Ce qui m’intéresse, dans les personnes en mode Pensée, c’est ce contraste entre un engagement très fort, sans forcément s’interroger beaucoup dessus. « Il faut que je… » est le discours premier, en ajoutant « tout le monde doit contribuer à ma quête ».

C’est à mon avis ici qu’on touche aux limites des typologies de personnalité selon Jung : ces 8 fonctions cognitives décrivent des processus (comment) mais peu de contenus (pourquoi).

Ce pour quoi je m’engage, c’est peut-être une caractéristique très humaine, au service de laquelle les personnes en mode Pensée vont se mettre en marche, pour délivrer, atteindre, aller vers l’objectif humain.

Cette transition vers l’humain est parfaitement appropriée, puisqu’il nous reste les fonctions Sentiment…

Oui, c’est amusant de commencer par le Sentiment Extraverti, parce que pour une personne avec cette dominante, l’engagement est forcément avec les autres, au service de la communauté, pour de l’aide et pour augmenter la cohésion.

Avec parfois le risque que ces personnes décident de voir une demande là où il n’y en a pas, et
qu’elles se mettent en danger elles-mêmes à s’épuiser dans l’aide !

Ce qui s’apparente à première vue à un engagement désintéressé, répond en fait aussi à un intérêt personnel, qui est de se sentir vivant(e), et se sentir exister.

L’essence du Sentiment Extraverti, c’est d’être au service de valeurs partagées avec les autres – avec le risque de la projection, qui va m’amener à donner ce que j’ai envie de voir chez les autres, alors que les personnes en face de moi sont fondamentalement différentes de moi.

Cette empathie, qui est la caractéristique principale des personnes de Sentiment Extraverti, c’est une qualité pure et noble… Mais se pose la question de l’écologie personnelle : est-ce que j’ai envie de devenir Mère Térésa, avec ce niveau d’engagement ? Donc comment créer une
manière de vivre cette qualité, qui soit soutenable, et durable dans le temps ?

C’est là où l’association avec l’Ennéagramme est utile : un comportement Sentiment Extraverti n’est pas forcément corrélé à la motivation profonde d’une base 2 – gagner en pouvoir d’influence en “aidant “les autres…

Tout à fait ! Et en même temps, il y a une connexion à des valeurs fortes, une relation profondément humaine – certes, il y a aussi de l’Ego, mais fondamentalement, ce sont des personnes animées par la connexion et le lien.

Ce qui, si je ne m’abuse, ne sera pas tout à fait la même chose avec le Sentiment Introverti ?

Oui, parce qu’en Sentiment introverti, l’engagement est plus intime, en recherche d’authentique. La connexion va être plus subtile, elle va se faire sur des valeurs intimes, donc plus sélectives. Il y a l’idée « d’être à sa juste place ».

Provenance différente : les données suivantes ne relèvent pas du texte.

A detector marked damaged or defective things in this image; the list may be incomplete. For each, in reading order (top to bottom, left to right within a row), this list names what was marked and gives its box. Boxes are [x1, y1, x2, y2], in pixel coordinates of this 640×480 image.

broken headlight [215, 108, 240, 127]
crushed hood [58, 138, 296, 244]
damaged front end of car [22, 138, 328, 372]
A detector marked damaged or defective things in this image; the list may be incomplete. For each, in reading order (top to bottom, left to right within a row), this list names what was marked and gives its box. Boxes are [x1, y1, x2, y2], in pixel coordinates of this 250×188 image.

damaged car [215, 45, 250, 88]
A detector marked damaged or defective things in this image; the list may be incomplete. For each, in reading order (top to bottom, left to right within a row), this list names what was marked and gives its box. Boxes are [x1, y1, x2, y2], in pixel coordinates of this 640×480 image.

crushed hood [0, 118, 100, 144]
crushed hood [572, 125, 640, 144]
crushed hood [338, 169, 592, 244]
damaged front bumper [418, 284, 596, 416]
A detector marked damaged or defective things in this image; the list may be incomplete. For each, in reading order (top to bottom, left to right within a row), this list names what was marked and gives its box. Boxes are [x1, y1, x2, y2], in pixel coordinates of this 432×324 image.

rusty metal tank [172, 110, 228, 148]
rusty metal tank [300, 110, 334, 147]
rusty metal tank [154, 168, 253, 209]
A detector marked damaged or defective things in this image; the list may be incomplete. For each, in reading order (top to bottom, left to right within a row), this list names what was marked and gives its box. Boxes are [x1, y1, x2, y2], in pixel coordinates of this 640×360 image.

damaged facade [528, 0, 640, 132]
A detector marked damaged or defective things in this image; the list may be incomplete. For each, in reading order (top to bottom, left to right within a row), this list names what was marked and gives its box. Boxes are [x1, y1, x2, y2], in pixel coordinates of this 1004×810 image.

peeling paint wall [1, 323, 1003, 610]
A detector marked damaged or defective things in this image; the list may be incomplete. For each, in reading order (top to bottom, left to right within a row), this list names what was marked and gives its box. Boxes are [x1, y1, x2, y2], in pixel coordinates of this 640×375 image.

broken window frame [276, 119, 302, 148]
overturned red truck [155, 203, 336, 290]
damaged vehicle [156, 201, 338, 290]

« Mon voyage du héros », “mon inspiration et mon aspiration”, ce sont des mots qui font écho aux personnalités orientées en Sentiment Introverti. Bien sûr, elles sont en contact avec d’autres personnes, mais en contact plus sélectif, voire plus prudent, car plus sensible. C’est l’histoire du petit colibri dans l’incendie : « je fais ma part », avec peut-être plus de vulnérabilité, ou en tout cas, davantage de conscience de sa propre vulnérabilité.

“Introversion et … conviction ?”

Ce qui me frappe, c’est que si on prend les 4 dominantes introverties, j’ai l’impression – je vais le dire de manière négative parce que ça m’amuse – qu’ils ont toutes un côté assez têtu, borné : ils savent ce qu’il y a à savoir, et tu ne les feras pas changer d’avis. Ils voient l’environnement, ils savent exactement où ils vont, et ils sont un peu indéboulonnables dans leur quête…

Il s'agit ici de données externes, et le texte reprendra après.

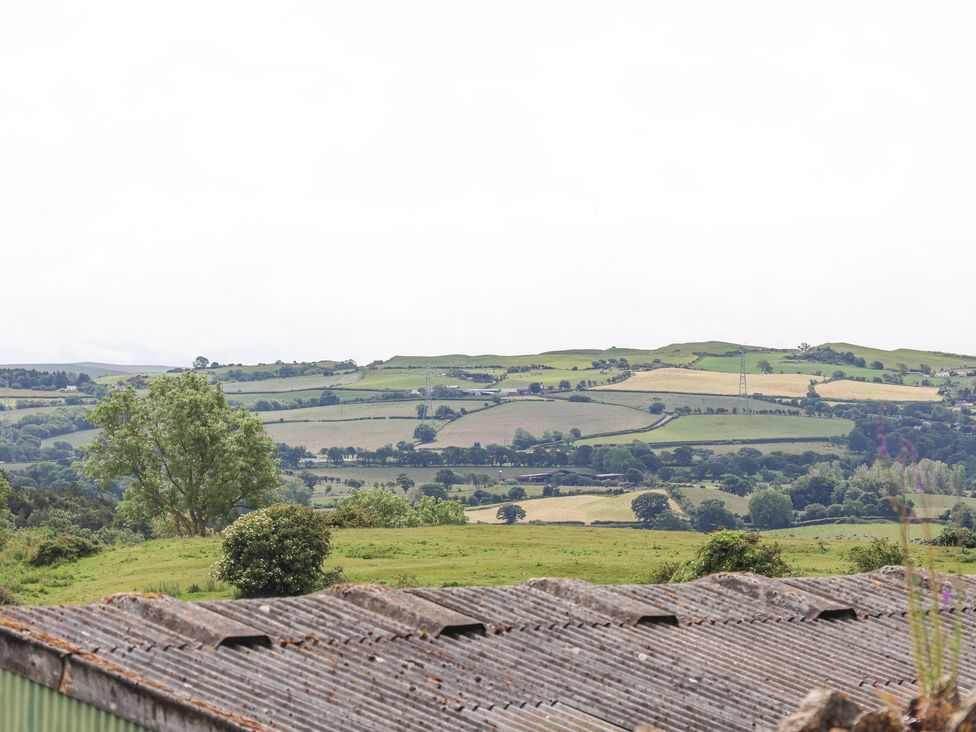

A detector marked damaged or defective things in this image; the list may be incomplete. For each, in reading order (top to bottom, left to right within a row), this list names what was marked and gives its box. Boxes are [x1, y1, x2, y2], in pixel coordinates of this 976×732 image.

rusty roof sheet [1, 572, 976, 732] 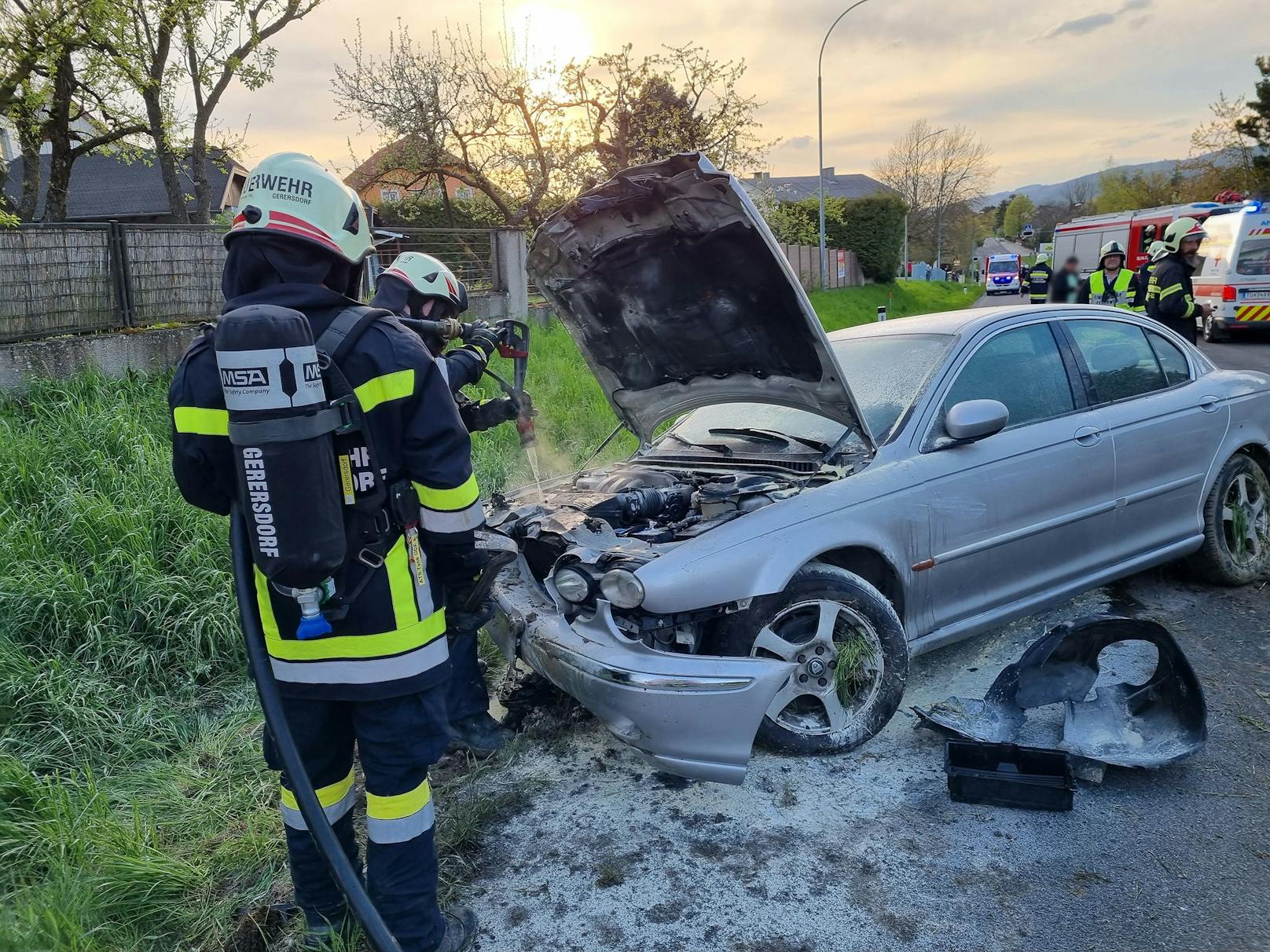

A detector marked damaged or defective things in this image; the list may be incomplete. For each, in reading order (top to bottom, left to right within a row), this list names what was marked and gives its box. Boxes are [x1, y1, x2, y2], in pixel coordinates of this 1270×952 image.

damaged front bumper [487, 550, 792, 789]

Un peu indéboulonnables, oui, notamment parce qu’ils sont accompagnés par leur fonction auxiliaire qui les équilibre comme un funambule et son balancier.

Et c’est vrai qu’ils sont en contact avec leur intériorité, donc cela donne ce côté « indiscutable non négociable » à leur mouvement. Mais encore une fois, leur fonction auxiliaire étant extravertie, cela s’équilibre. Ne vivre que dans son univers intérieur, ça fait courir le risque d’être déconnecté. Et c’est là où leur fonction auxiliaire, tournée vers le monde extérieur, sera comme une force de rappel à la réalité.

On pourrait d’ailleurs faire la même analyse avec les 4 fonctions extraverties.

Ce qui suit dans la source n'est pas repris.